Frustratingly, having got to do the job I’d always wanted – being an agony aunt – I was experiencing ongoing opposition within academia where my full time job was based. While doing teaching and research in international health I was keen to apply the experiences, skills and knowledge I had on media advice giving and evaluating public health campaigns. But I found within the university setting my advice giving role was viewed as something to be ashamed of or embarrassed about, discredited as ‘journalism’ and not supported as a worthy area of practice nor academic study.
An exception to this came in the form of the late Professor Otto Woolf, a paediatricain who not only invited me to give one of his ‘OWL (Otto Woolf Lectures) celebrating the importance of advice giving for young people, but who also encouraged me to continue to use ethnographic research to explore my role as an advice giver and to evaluate media advice giving more widely.

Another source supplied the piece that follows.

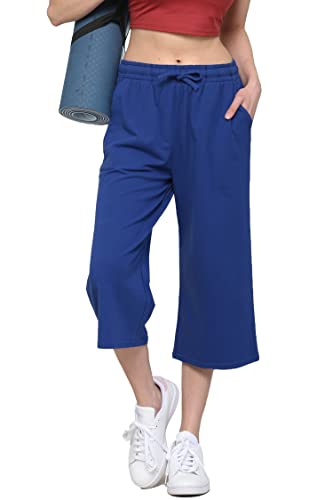 Image of Lock and Love Womens Capri Pants Loose Yoga Pants Wide Leg Drawstring Comfy Lounge Pajama Capris Sweatpants with Pockets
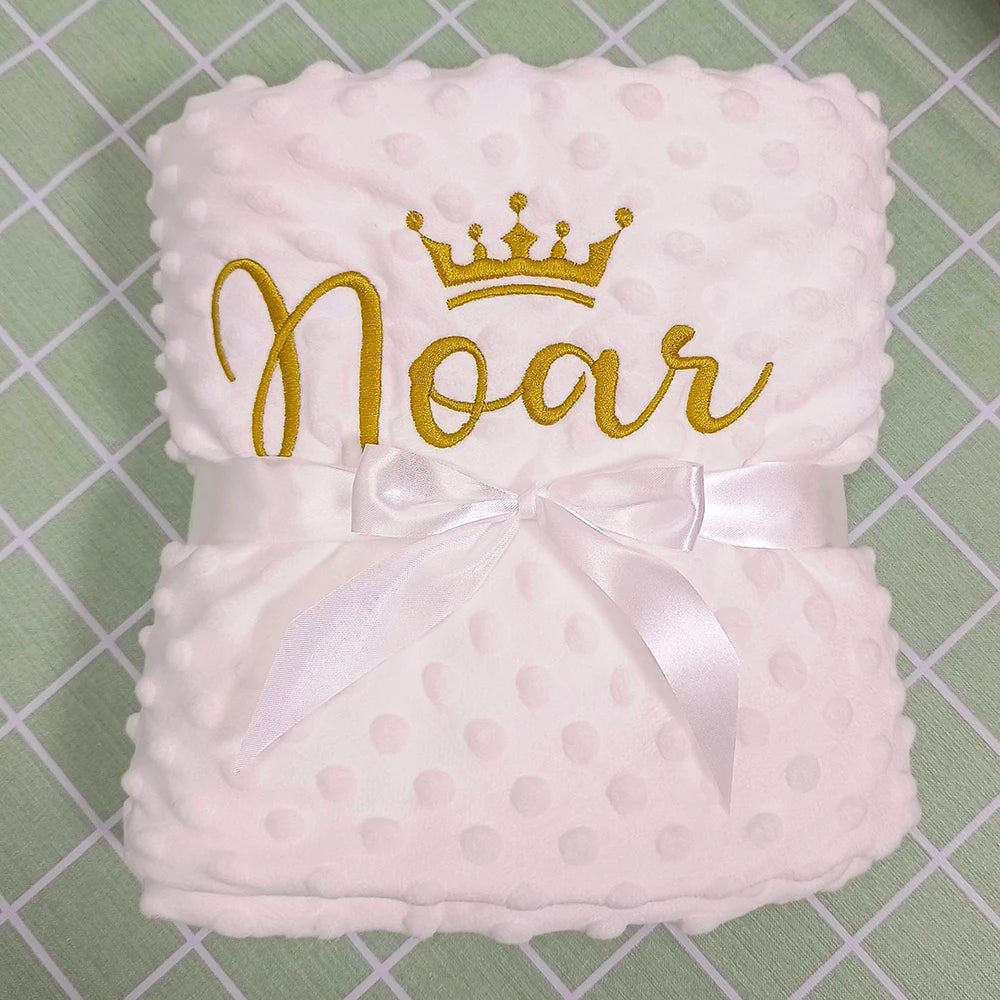 Custom Name Personalized Baby Blanket Swaddle Baby Stroller Bed Crib Sleep Cover Baby Birthday Gift For Newborn Boys and Girls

I’ve felt every agony aunt job I’ve had, whether it’s only lasted a few weeks to several years has been a privilege. Not for the cachet of being in media, but for the trust expected of me by those who chose to share their worries and problems. Inspired by Otto I am currently working to have the job accepted as a recognised part of social and health care, a suitable area for in depth academic investigation, and an occupation with definite standards of good practice.
If you want to know where my advice giving takes place it’s usually at my kitchen table. I’m a mum to two young children so much of my agony aunt work fits in around them. And when time allows I teach and carry out research in International Health Care, specialising in diverse methodologies and sex and relationships during (pre)conception, pregnancy and parenthood. You can find out more about my background and qualifications here.
This site is a repository for other research I’ve drawn upon to understand and inform advice giving, plus my own academic work, and links to resources and tools others may want to use to understand advice giving and perhaps either be an agony aunt or uncle themselves or to study this fascinating area of media.